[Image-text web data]
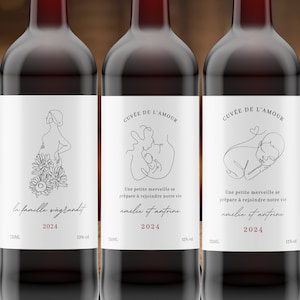 Bundle de 3 Annonce Grossesse Étiquette, bébé, Annonce Famille, Marraine, Étiquette de vin Naissance, Français, Minimaliste, Kit, Set, trois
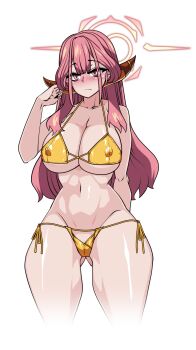 1girl arm_behind_back aru_(blue_archive) bare_arms bare_hips bare_shoulders bikini blue_archive blunt_bangs blush breasts brown_horns cameltoe cleavage closed_mouth collarbone commentary covered_erect_nipples cropped_legs curvy demon_horns fanged_bangs gluteal_fold gold_bikini gradient_halo groin hair_over_shoulder halo hand_up highres horns korean_commentary large_breasts lazy_ant long_hair looking_at_viewer low_horns lowleg lowleg_bikini multicolored_halo navel pink_eyes pink_hair pink_halo revision shiny_skin side-tie_bikini_bottom sidelocks simple_background solo standing stomach swimsuit two-tone_halo underboob white_background wide_hips yellow_halo
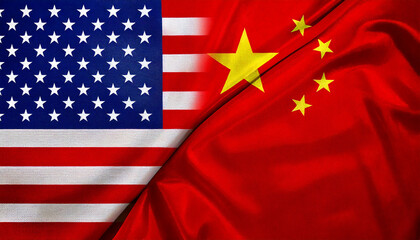 アメリカ　中国　生成AI　国旗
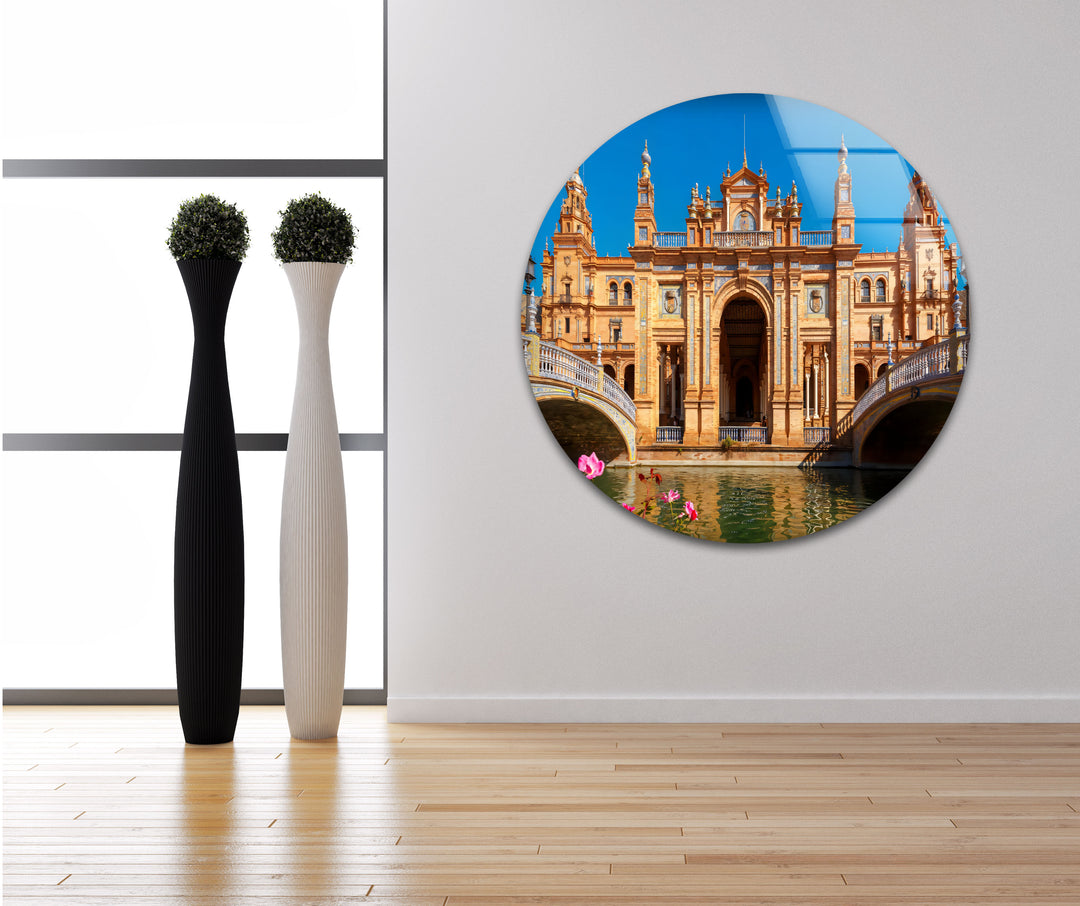 Glaswandkunst Plaza de España – Majestätisches spanisches Wahrzeichen mit malerischem Kanal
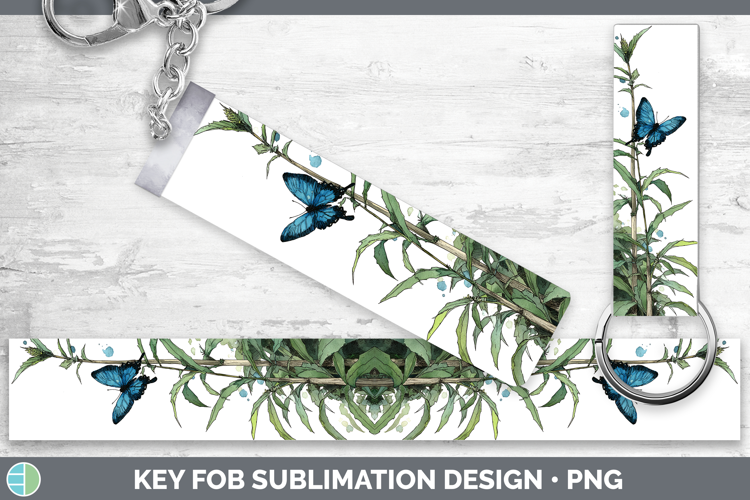 Ulysses Butterflies Sketch Key Fob Sublimation Design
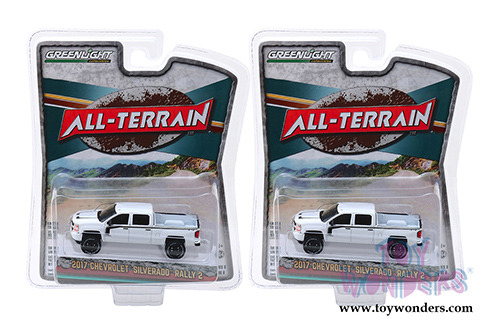 Greenlight - All Terrain Series 8 | Chevrolet&reg; Silverado&trade; Rally 2 Pickup Truck (2017, 1/64 scale diecast model car, White) 35130E/48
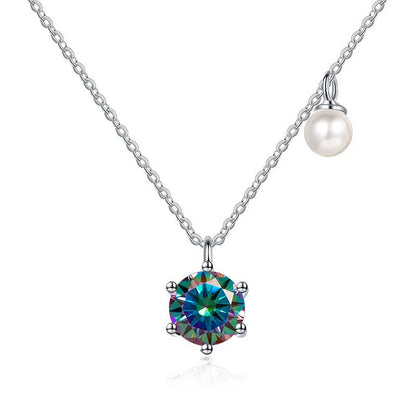 Butterflykiss 0.5/1ct Moissanite Solitaire Necklace For Women Pearl Pendant White Gold Plated S925 Sterling Silver Jewelry Gifts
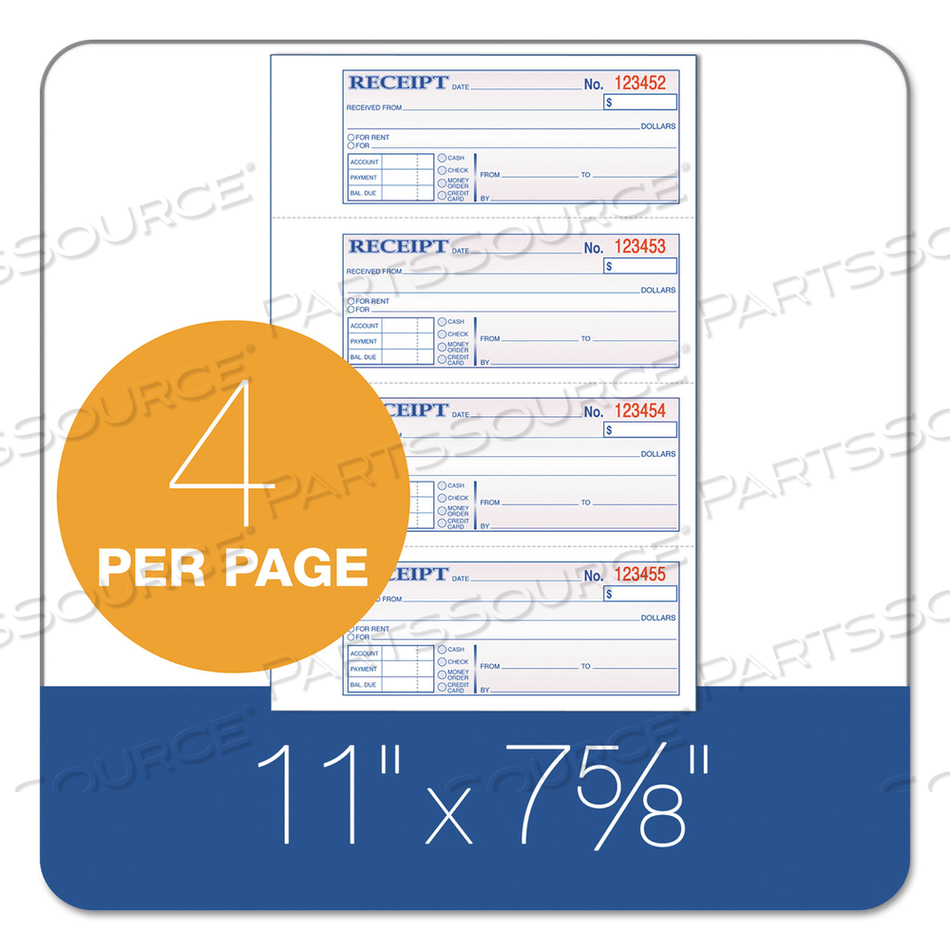TOPS 3-PART HARDBOUND RECEIPT BOOK, THREE-PART CARBONLESS, 7 X 2.75, 4 FORMS/SHEET, 200 FORMS TOTAL by Adams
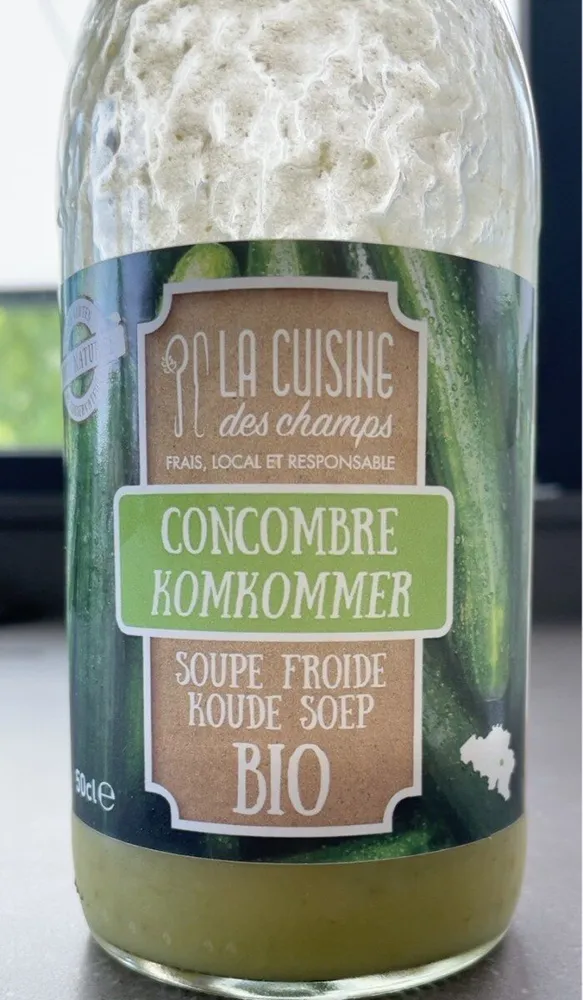 Soupe froide bio concombre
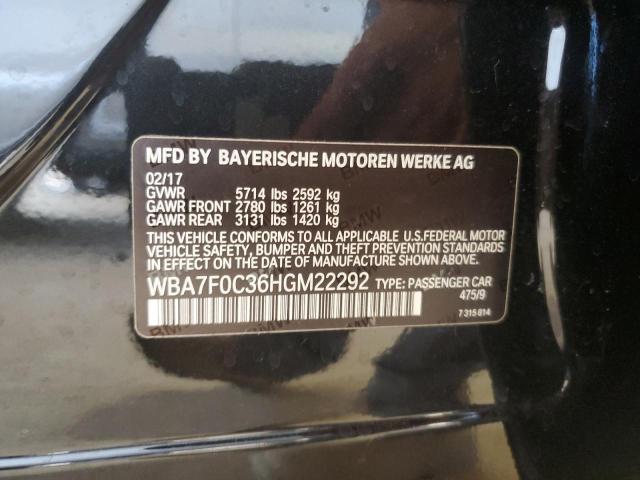 VIN WBA7F0C36HGM22292 2017 BMW 7 Series, 750 I no.12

• **Exercise description**:
All records, pictures excluded: copy them exactly.

• **Your response**:
 Bundle de 3 Annonce Grossesse Étiquette, bébé, Annonce Famille, Marraine, Étiquette de vin Naissance, Français, Minimaliste, Kit, Set, trois
 1girl arm_behind_back aru_(blue_archive) bare_arms bare_hips bare_shoulders bikini blue_archive blunt_bangs blush breasts brown_horns cameltoe cleavage closed_mouth collarbone commentary covered_erect_nipples cropped_legs curvy demon_horns fanged_bangs gluteal_fold gold_bikini gradient_halo groin hair_over_shoulder halo hand_up highres horns korean_commentary large_breasts lazy_ant long_hair looking_at_viewer low_horns lowleg lowleg_bikini multicolored_halo navel pink_eyes pink_hair pink_halo revision shiny_skin side-tie_bikini_bottom sidelocks simple_background solo standing stomach swimsuit two-tone_halo underboob white_background wide_hips yellow_halo
 アメリカ　中国　生成AI　国旗
 Glaswandkunst Plaza de España – Majestätisches spanisches Wahrzeichen mit malerischem Kanal
 Ulysses Butterflies Sketch Key Fob Sublimation Design
 Greenlight - All Terrain Series 8 | Chevrolet&reg; Silverado&trade; Rally 2 Pickup Truck (2017, 1/64 scale diecast model car, White) 35130E/48
 Butterflykiss 0.5/1ct Moissanite Solitaire Necklace For Women Pearl Pendant White Gold Plated S925 Sterling Silver Jewelry Gifts
TOPS 3-PART HARDBOUND RECEIPT BOOK, THREE-PART CARBONLESS, 7 X 2.75, 4 FORMS/SHEET, 200 FORMS TOTAL by Adams
 Soupe froide bio concombre
 VIN WBA7F0C36HGM22292 2017 BMW 7 Series, 750 I no.12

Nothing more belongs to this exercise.